▸ PROBLEM DETAILS: Copy the data that appears below exactly. Drop the pictures.

▸ DATASET RECORDS:
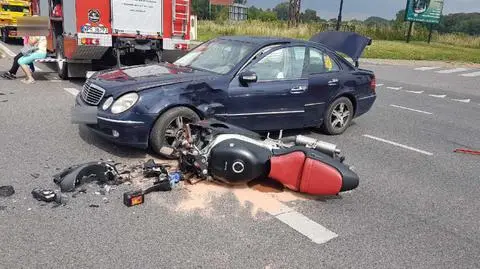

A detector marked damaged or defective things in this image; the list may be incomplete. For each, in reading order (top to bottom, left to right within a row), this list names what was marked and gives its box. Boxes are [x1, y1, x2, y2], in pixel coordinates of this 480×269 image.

detached car bumper [72, 93, 154, 148]
damaged mercedes sedan [73, 31, 376, 157]
crashed motorcycle [178, 119, 358, 195]
broken motorcycle parts [178, 119, 358, 195]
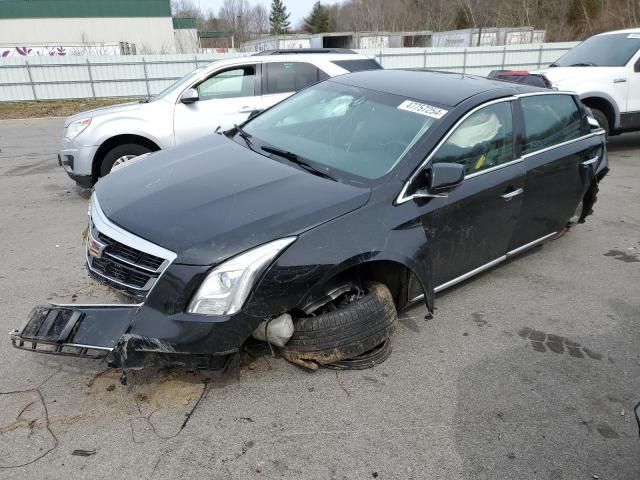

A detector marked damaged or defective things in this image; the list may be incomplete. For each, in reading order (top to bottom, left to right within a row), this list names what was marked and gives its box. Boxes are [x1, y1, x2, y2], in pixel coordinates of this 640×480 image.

▸ RESPONSE TO THIS EXERCISE:
A detector marked damaged or defective things in this image; the list may be incomplete. For each, in reading order (top to bottom, left to right within a row), this list names what was marked and gives its box. Boxes are [x1, y1, x2, y2], in pixel coordinates of this 480×269 image.

detached car bumper [72, 93, 154, 148]
damaged mercedes sedan [73, 31, 376, 157]
crashed motorcycle [178, 119, 358, 195]
broken motorcycle parts [178, 119, 358, 195]

A detector marked damaged or defective things in this image; the list may be incomplete. For each, in reading order (top to bottom, left to right within a row), this list names what was marked and gives its box. Boxes are [x1, y1, x2, y2], in pixel coordinates of this 640×480 image.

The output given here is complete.